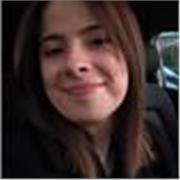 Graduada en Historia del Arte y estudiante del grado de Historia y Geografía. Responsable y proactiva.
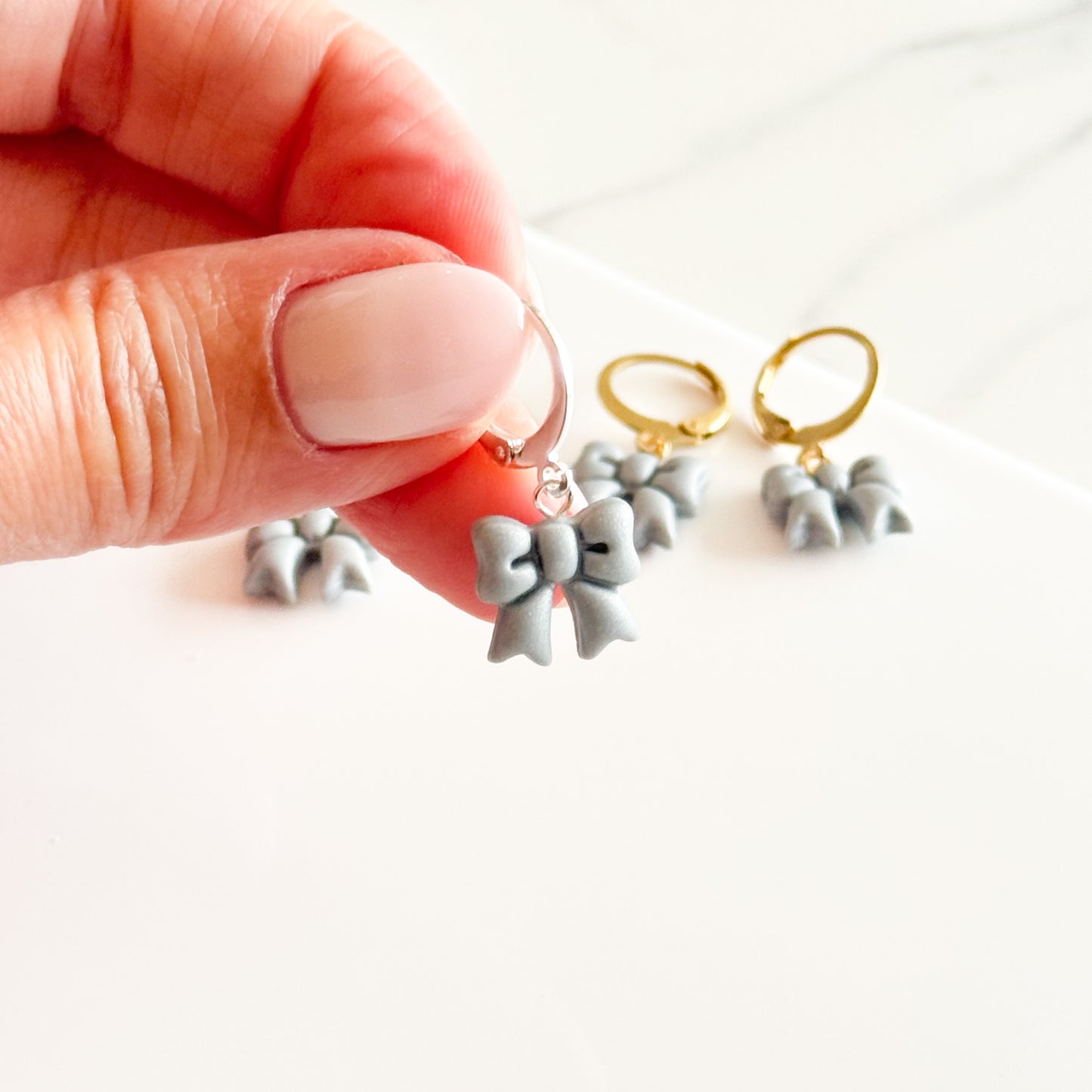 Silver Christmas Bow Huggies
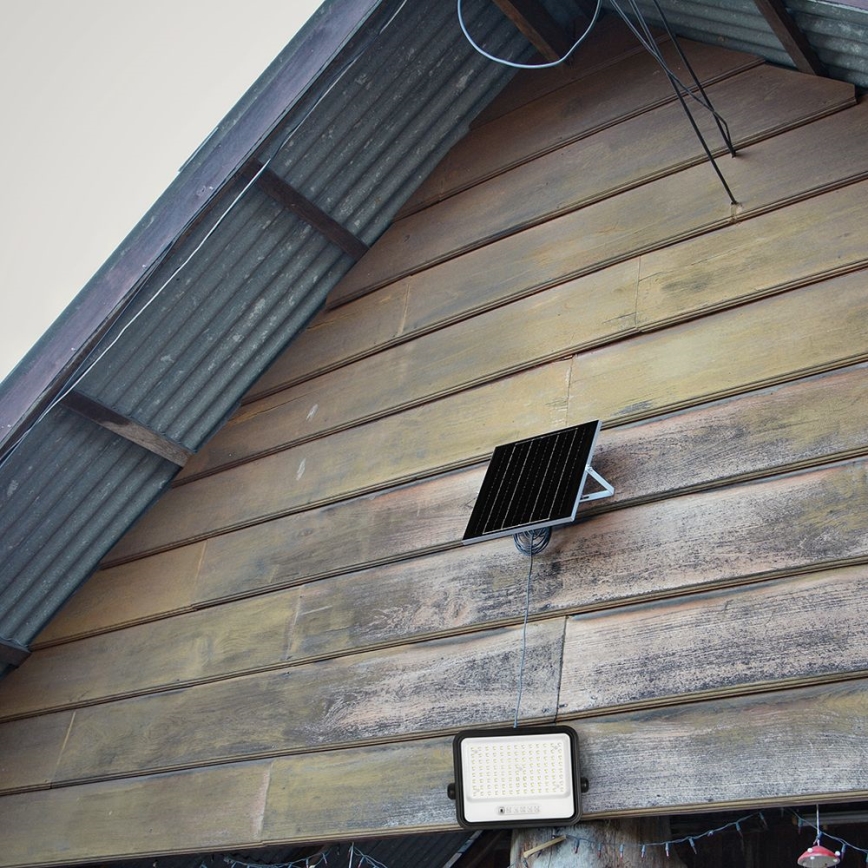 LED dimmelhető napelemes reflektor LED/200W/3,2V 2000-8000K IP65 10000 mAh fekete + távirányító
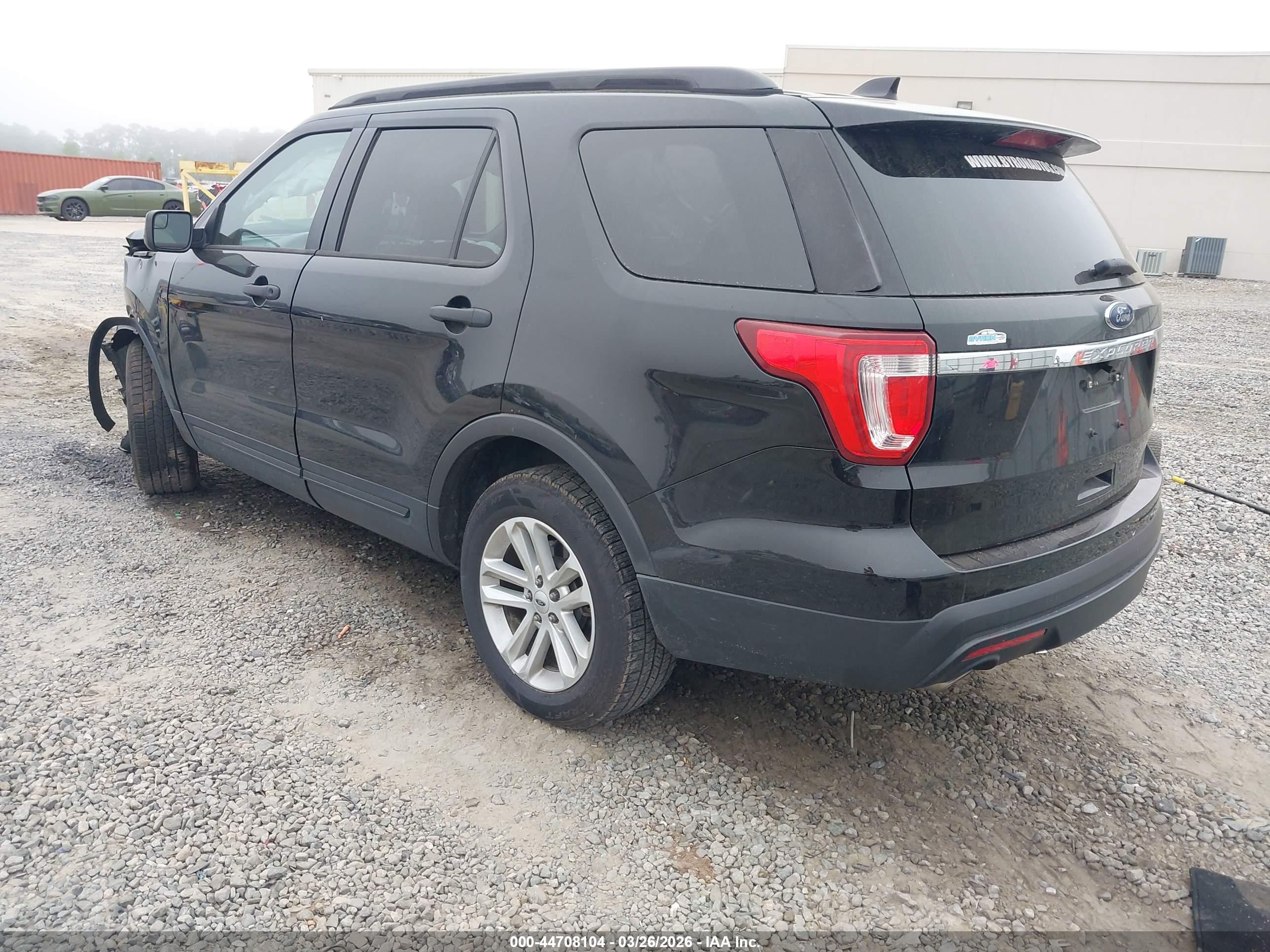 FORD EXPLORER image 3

□ □ □ □ □ □ □

Without copying any picture, write out all of the material exactly as it reads.

 Graduada en Historia del Arte y estudiante del grado de Historia y Geografía. Responsable y proactiva.
 Silver Christmas Bow Huggies
 LED dimmelhető napelemes reflektor LED/200W/3,2V 2000-8000K IP65 10000 mAh fekete + távirányító
 FORD EXPLORER image 3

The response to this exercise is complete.